NOAA_health_ttl<-subset(NOAA,
(NOAA$eventType %in% health_loss_ttl$eventType),
select = c("STATE", "BGN_DATE", "BGN_TIME", "TIME_ZONE",
"EVTYPE", "FATALITIES", "INJURIES",
"PROPDMG", "PROPDMGEXP", "CROPDMG", "CROPDMGEXP",
"REFNUM", "REMARKS",
"ds_bgn_date", "ds_bgn_year", "proploss", "croploss", "ttlloss", "eventType"))
NOAA_health_ttl$eventType <- as.character(NOAA_health_ttl$eventType)
NOAA_health_ttl$eventType <- as.factor(NOAA_health_ttl$eventType)
health <- ddply(NOAA_health_ttl,
.(ds_bgn_year, eventType),
summarize,
ttl_loss = sum((FATALITIES+INJURIES), na.rm = T))

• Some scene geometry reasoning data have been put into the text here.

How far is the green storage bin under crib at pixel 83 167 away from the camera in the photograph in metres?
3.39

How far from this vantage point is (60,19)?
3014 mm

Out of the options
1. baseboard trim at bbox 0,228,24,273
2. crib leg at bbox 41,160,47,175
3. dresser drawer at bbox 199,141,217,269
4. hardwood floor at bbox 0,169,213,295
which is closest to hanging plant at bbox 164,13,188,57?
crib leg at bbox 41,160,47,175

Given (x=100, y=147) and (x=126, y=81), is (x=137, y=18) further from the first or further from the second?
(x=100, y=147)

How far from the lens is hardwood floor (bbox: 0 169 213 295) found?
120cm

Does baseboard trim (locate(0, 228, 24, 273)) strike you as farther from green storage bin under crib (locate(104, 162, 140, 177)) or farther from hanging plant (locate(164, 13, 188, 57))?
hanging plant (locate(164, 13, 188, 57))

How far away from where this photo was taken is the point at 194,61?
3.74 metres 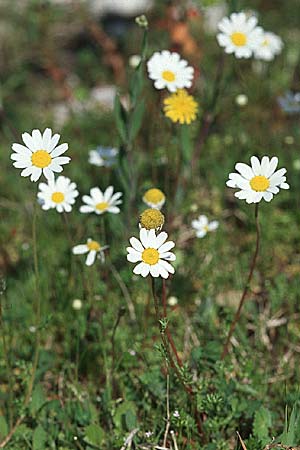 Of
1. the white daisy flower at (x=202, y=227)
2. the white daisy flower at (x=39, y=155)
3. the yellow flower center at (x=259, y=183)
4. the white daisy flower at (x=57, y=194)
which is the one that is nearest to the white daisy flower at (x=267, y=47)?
the white daisy flower at (x=202, y=227)

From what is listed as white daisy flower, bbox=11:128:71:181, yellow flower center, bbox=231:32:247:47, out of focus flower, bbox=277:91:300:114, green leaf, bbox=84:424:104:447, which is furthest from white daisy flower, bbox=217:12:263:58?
green leaf, bbox=84:424:104:447

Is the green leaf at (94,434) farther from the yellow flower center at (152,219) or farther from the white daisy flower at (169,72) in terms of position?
the white daisy flower at (169,72)

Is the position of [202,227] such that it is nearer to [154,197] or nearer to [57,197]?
[154,197]

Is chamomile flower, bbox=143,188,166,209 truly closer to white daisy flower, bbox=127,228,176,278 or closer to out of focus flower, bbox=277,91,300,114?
white daisy flower, bbox=127,228,176,278

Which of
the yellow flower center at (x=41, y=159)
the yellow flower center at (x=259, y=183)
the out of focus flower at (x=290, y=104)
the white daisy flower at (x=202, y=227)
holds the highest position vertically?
the out of focus flower at (x=290, y=104)

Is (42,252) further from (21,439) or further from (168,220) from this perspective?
(21,439)

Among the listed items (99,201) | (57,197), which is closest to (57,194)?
(57,197)

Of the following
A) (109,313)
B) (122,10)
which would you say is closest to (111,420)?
(109,313)
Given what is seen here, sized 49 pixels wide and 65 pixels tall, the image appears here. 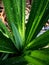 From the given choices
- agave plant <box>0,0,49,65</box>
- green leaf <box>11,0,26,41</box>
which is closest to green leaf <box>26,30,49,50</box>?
agave plant <box>0,0,49,65</box>

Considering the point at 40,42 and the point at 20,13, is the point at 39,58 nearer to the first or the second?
the point at 40,42

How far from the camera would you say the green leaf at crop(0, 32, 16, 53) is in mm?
876

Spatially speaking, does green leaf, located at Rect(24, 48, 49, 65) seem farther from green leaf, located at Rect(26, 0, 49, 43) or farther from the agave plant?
green leaf, located at Rect(26, 0, 49, 43)

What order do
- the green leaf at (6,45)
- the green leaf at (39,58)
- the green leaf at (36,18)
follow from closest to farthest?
the green leaf at (39,58) < the green leaf at (6,45) < the green leaf at (36,18)

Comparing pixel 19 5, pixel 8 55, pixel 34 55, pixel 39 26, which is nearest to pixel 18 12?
pixel 19 5

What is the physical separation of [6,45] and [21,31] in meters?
0.19

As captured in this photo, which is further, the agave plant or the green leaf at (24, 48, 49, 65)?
the agave plant

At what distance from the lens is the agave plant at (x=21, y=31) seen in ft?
3.03

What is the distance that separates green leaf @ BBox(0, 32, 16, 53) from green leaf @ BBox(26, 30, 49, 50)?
0.08 m

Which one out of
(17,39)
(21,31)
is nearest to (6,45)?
(17,39)

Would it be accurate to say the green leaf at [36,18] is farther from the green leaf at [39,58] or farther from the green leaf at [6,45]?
the green leaf at [39,58]

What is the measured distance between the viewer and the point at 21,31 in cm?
107

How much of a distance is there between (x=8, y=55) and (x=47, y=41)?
0.29m

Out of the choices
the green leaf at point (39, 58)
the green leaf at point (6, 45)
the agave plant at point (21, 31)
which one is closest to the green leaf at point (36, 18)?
the agave plant at point (21, 31) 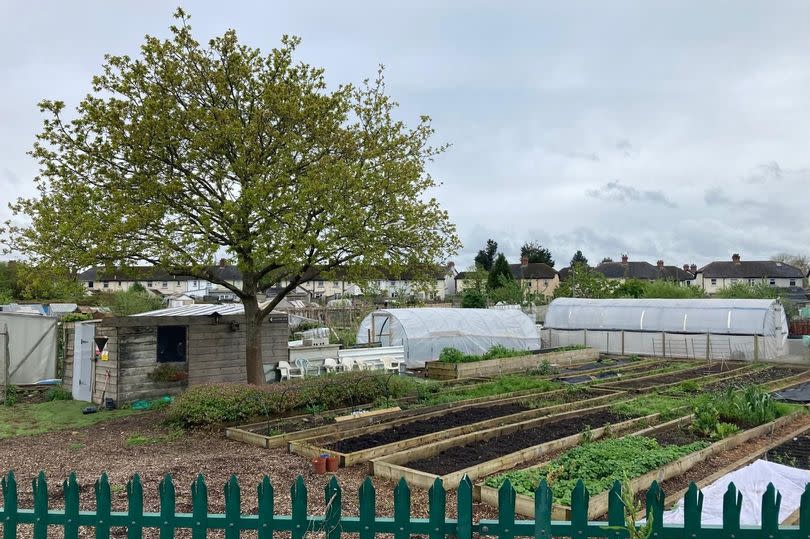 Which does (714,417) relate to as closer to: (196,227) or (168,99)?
(196,227)

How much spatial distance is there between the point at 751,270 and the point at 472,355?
221 feet

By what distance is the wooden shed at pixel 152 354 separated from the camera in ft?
49.3

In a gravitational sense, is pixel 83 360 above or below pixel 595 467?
above

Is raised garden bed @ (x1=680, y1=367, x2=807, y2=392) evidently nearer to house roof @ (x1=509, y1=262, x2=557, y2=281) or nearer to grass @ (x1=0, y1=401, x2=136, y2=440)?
grass @ (x1=0, y1=401, x2=136, y2=440)

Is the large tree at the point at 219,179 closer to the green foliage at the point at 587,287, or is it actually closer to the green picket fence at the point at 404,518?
the green picket fence at the point at 404,518

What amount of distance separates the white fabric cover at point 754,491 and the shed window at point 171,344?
41.7 feet

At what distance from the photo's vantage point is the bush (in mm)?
11812

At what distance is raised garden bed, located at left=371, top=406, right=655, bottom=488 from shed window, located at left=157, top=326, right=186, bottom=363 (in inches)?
346

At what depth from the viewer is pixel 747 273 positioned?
249 feet

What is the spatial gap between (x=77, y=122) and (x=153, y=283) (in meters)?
78.2

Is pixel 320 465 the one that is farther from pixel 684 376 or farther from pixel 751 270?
pixel 751 270

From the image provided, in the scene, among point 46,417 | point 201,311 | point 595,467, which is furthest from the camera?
point 201,311

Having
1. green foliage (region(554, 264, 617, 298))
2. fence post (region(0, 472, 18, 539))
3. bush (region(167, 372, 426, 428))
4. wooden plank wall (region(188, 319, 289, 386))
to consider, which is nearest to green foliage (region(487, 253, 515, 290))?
green foliage (region(554, 264, 617, 298))

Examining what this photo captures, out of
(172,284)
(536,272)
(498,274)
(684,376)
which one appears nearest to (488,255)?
(536,272) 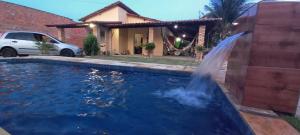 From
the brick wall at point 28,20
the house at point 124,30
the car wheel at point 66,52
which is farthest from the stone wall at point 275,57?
the brick wall at point 28,20

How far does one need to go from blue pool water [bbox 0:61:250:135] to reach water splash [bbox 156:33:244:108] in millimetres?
63

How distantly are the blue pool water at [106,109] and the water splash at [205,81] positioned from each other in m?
0.06

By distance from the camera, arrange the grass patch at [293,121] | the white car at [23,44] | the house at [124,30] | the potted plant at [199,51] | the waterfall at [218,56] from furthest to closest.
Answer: the house at [124,30]
the potted plant at [199,51]
the white car at [23,44]
the waterfall at [218,56]
the grass patch at [293,121]

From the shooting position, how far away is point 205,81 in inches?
190

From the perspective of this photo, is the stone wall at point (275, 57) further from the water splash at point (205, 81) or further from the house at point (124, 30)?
the house at point (124, 30)

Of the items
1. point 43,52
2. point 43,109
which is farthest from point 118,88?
point 43,52

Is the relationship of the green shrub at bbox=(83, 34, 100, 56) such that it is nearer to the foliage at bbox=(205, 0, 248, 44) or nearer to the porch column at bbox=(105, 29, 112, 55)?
the porch column at bbox=(105, 29, 112, 55)

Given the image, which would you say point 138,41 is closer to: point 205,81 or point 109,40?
point 109,40

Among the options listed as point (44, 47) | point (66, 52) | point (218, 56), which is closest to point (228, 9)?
point (66, 52)

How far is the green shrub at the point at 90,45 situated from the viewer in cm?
1118

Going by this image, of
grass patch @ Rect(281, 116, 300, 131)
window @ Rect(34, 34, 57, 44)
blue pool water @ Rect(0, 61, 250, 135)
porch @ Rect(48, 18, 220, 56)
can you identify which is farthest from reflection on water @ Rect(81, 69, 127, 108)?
porch @ Rect(48, 18, 220, 56)

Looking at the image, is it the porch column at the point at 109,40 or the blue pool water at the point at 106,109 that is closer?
the blue pool water at the point at 106,109

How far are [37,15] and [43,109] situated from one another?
15.0 metres

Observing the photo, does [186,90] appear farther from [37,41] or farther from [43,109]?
[37,41] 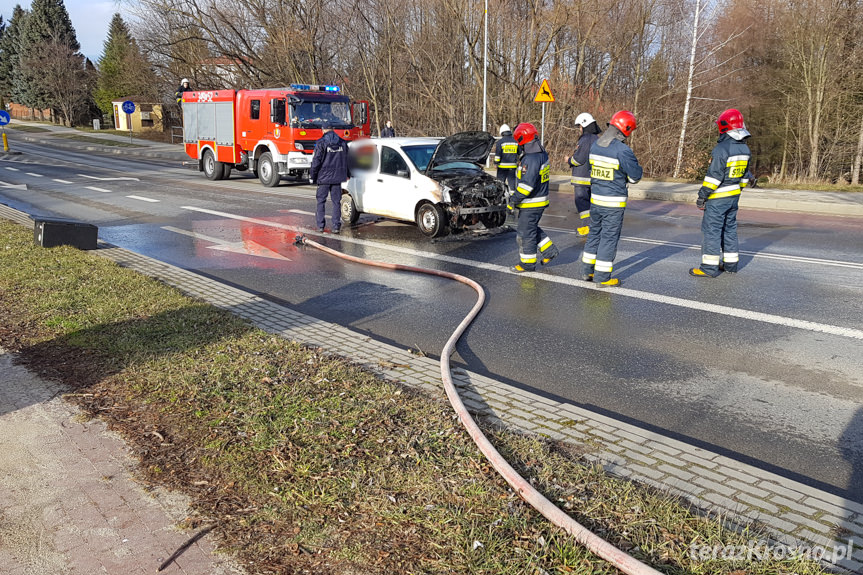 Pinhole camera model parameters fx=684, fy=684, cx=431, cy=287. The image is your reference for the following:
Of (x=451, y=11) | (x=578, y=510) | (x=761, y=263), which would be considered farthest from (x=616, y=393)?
(x=451, y=11)

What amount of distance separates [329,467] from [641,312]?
15.1ft

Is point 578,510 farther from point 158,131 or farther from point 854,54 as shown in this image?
point 158,131

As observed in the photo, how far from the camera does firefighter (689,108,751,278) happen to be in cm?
858

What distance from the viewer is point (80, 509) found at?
3.37 m

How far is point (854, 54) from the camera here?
2019 cm

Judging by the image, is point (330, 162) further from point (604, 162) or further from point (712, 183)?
point (712, 183)

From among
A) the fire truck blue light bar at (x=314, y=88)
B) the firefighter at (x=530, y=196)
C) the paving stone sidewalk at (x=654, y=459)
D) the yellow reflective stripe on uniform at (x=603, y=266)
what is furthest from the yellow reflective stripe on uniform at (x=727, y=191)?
the fire truck blue light bar at (x=314, y=88)

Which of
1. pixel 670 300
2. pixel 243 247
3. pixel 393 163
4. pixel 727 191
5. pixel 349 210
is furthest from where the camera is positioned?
pixel 349 210

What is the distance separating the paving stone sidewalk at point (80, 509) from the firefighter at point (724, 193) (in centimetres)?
726

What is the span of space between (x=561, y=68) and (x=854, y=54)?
35.8 feet

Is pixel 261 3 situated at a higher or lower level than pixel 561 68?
higher

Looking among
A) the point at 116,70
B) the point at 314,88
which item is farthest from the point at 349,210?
the point at 116,70

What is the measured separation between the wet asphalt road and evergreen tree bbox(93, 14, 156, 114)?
4819 cm

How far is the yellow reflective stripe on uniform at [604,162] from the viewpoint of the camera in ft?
26.5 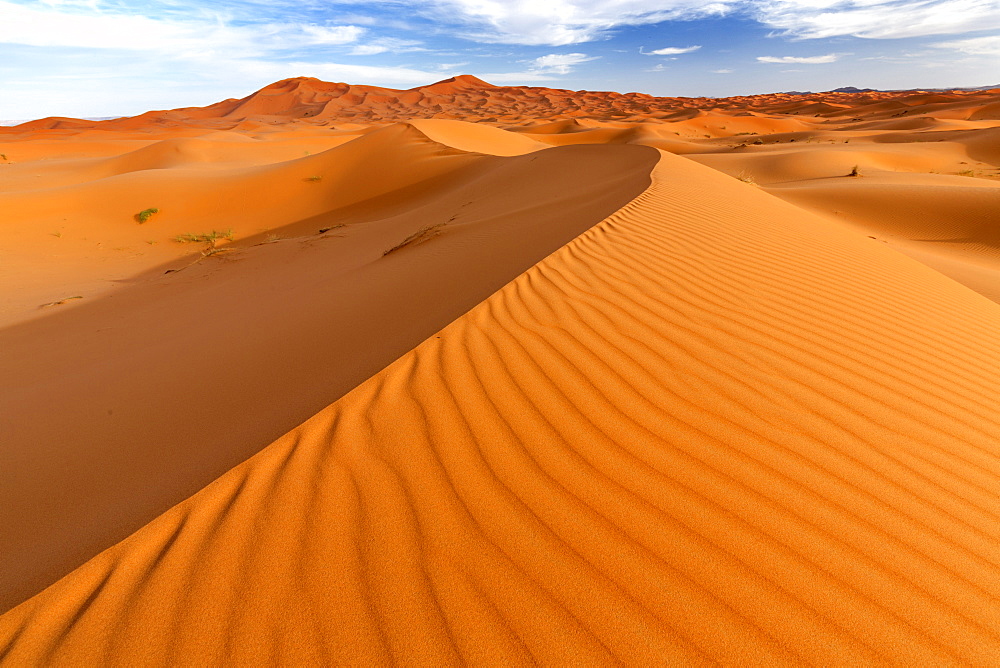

xyplot((ttl_loss) ~ ds_bgn_year | eventType, health,
type = "p",
layout = c(2, 5),
auto.key = list(space = "right"),
ylab = "Loss of Life",
xlab = "Years",
main = "Most harmful Events w/ respect to population health")
#
# Q2. Across the United States, which types of events have the greatest economic consequences?
# -- -- -- -- -- -- -- -- -- -- -- -- -- -- -- -- -- -- -- -- -- -- -- -- -- -- -- -- -- --
# get Worst Events by Total Loss (Propoerty + Crop) Loss
#
event_loss_ttl <- aggregate(ttlloss ~ eventType,
data = NOAA, sum) # aggregate ttlDamage by eventType only
event_loss_ttl <- event_loss_ttl[order(-event_loss_ttl[,"ttlloss"]), ][1:10,] # top 10 mostCostly
event_loss_ttl$eventType <- as.character(event_loss_ttl$eventType)
event_loss_ttl$eventType <- factor(event_loss_ttl$eventType) # re-level the eventType
# Now subset data again for biggest disasters.
NOAA_loss_ttl<-subset(NOAA,
(NOAA$eventType %in% event_loss_ttl$eventType),
select = c("STATE", "BGN_DATE", "BGN_TIME", "TIME_ZONE",
"EVTYPE", "FATALITIES", "INJURIES",
"PROPDMG", "PROPDMGEXP", "CROPDMG", "CROPDMGEXP",
"REFNUM", "REMARKS", "ds_bgn_date", "ds_bgn_year",
"proploss", "croploss", "ttlloss", "eventType"))
NOAA_loss_ttl$eventType <- as.character(NOAA_loss_ttl$eventType)
NOAA_loss_ttl$eventType <- as.factor(NOAA_loss_ttl$eventType)
t2 <- ddply(NOAA_loss_ttl,
.(ds_bgn_year, eventType),
summarize,
ttl_loss = sum(ttlloss, na.rm = T))
xyplot((ttl_loss/10^9) ~ ds_bgn_year | eventType, t1,
type = "p",
layout = c(2, 5),
auto.key = list(space = "right"),
ylab = "Loss (in Billions)",
xlab = "Years",
main = "Total Loss (Property+Crop)")
The most harmful events are “TORNADO” followed by “EXCESSIVE HEAT”. The events of greatest economic consequences are “TORNADO” followed by “EXCESSIVE HEAT”
However Caution needs to be exercised after seeing the graphs, which indicate that some data is still missing. Hurricane/Typoon data seems to be missing for years 2006 & 2010. Heat Data is missing for 1996, 1999, 2002-2005.
However Caution needs to be exercised after seeing the graphs, which indicate that some data is still missing. StormSurge data seems to be missing for years 2007-2011, Hurricane data is missing for 2006 & 2010.